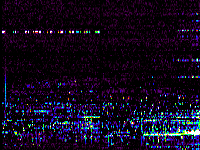 No data: 03-04 UT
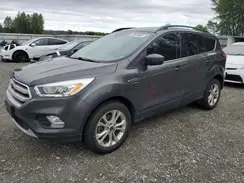 1FMCU9GD0HUC51714 2017 FORD ESCAPE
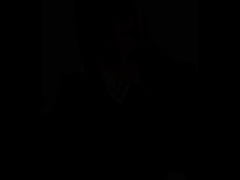 Play MP4 - Mi Coleccion De Cuerdas SHIBARI &vert; &iquest;como Empezo Mi Aficion Por Este Mundo&quest; &vert; Astarioth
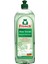 Aloe Veralı Bulaşık Deterjanı 750 ml 1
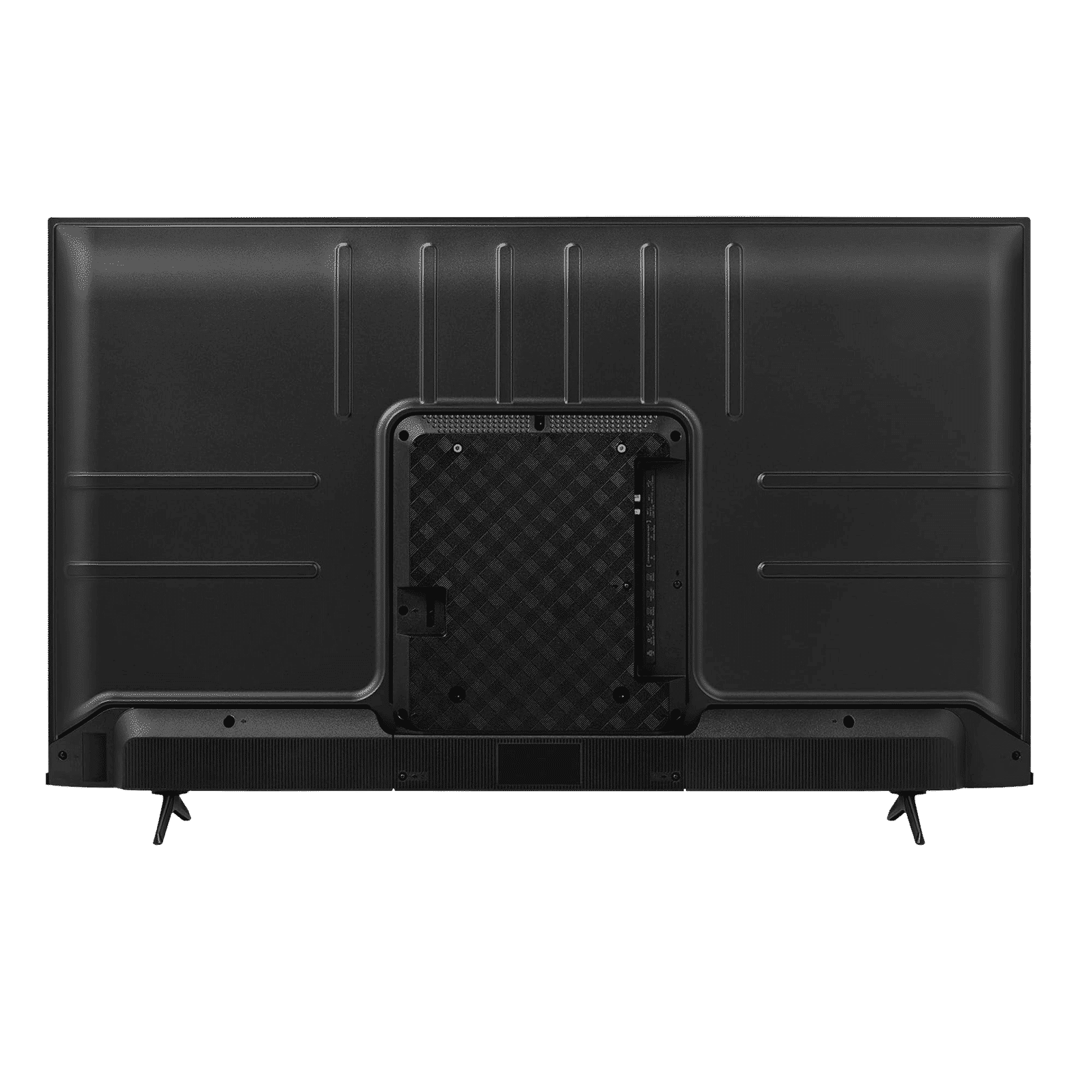 Hisense E7K 140 cm (55 inch) QLED 4K Ultra HD VIDAA TV with Dolby Vision and Dolby Atmos (2023 model)_8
______________________________
TASK DESCRIPTION: Return the whole listing word for word. Pictures stay out of it.

SOLUTION FOR THIS EXERCISE:
 No data: 03-04 UT
 1FMCU9GD0HUC51714 2017 FORD ESCAPE
 Play MP4 - Mi Coleccion De Cuerdas SHIBARI &vert; &iquest;como Empezo Mi Aficion Por Este Mundo&quest; &vert; Astarioth
 Aloe Veralı Bulaşık Deterjanı 750 ml 1
 Hisense E7K 140 cm (55 inch) QLED 4K Ultra HD VIDAA TV with Dolby Vision and Dolby Atmos (2023 model)_8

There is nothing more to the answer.